(Task data Opens)
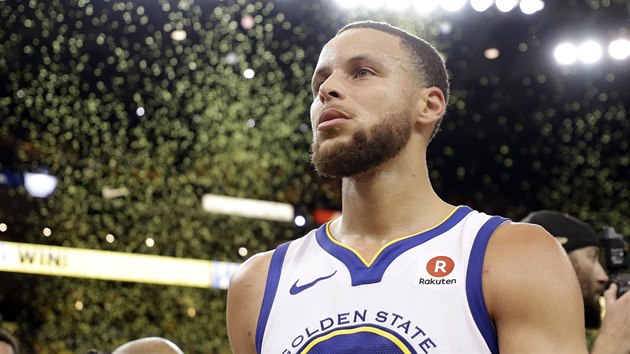 Stephen Curry z Golden State me vzhlet ke svtlm ztkm.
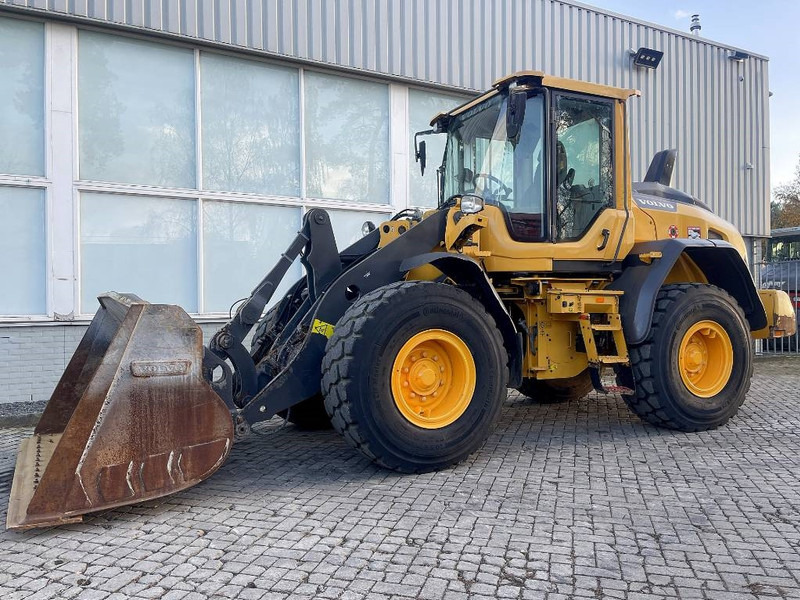 Volvo L 60 H (ONLY 5667H) - Gumikerekes homlokrakodó: 2 kép. Volvo L 60 H (ONLY 5667H) - Gumikerekes homlokrakodó: 2 kép.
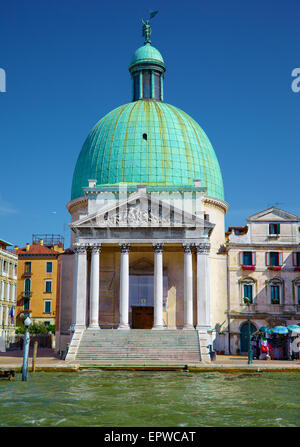 Chiesa di San Simeone Piccolo su argini del Canal Grande di Venezia, Italia Foto Stock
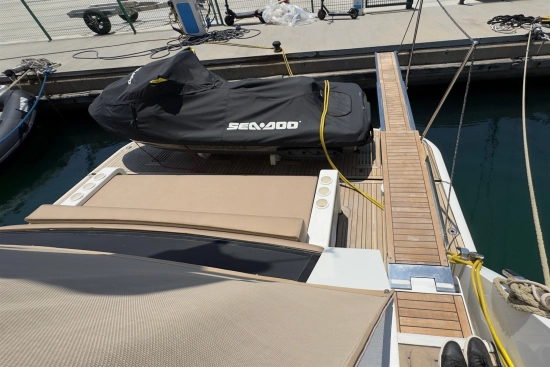 Fairline Squadron 60 usado à venda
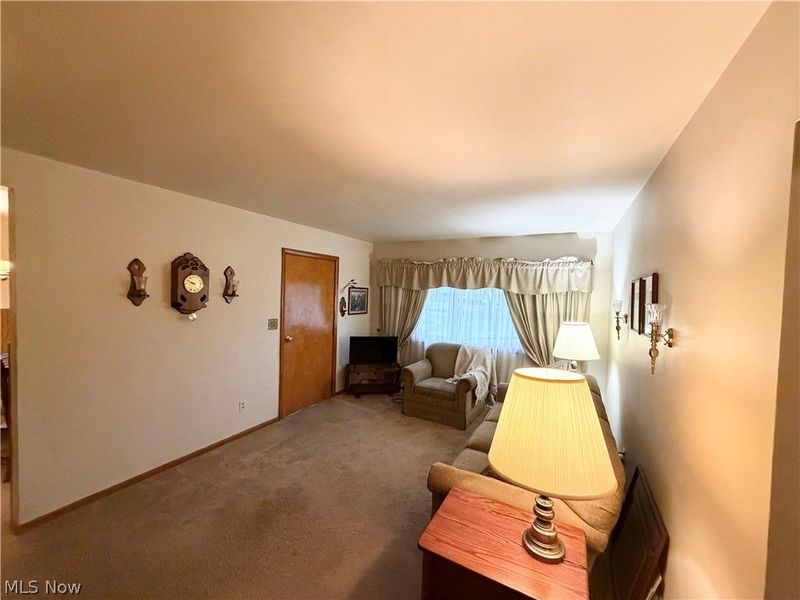1501 Gypsy Lane, Niles, OH 44446 Photo 5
(Task data Closes)
The listing above should be returned word for word, with pictures omitted.

 Stephen Curry z Golden State me vzhlet ke svtlm ztkm.
 Volvo L 60 H (ONLY 5667H) - Gumikerekes homlokrakodó: 2 kép. Volvo L 60 H (ONLY 5667H) - Gumikerekes homlokrakodó: 2 kép.
 Chiesa di San Simeone Piccolo su argini del Canal Grande di Venezia, Italia Foto Stock
 Fairline Squadron 60 usado à venda
1501 Gypsy Lane, Niles, OH 44446 Photo 5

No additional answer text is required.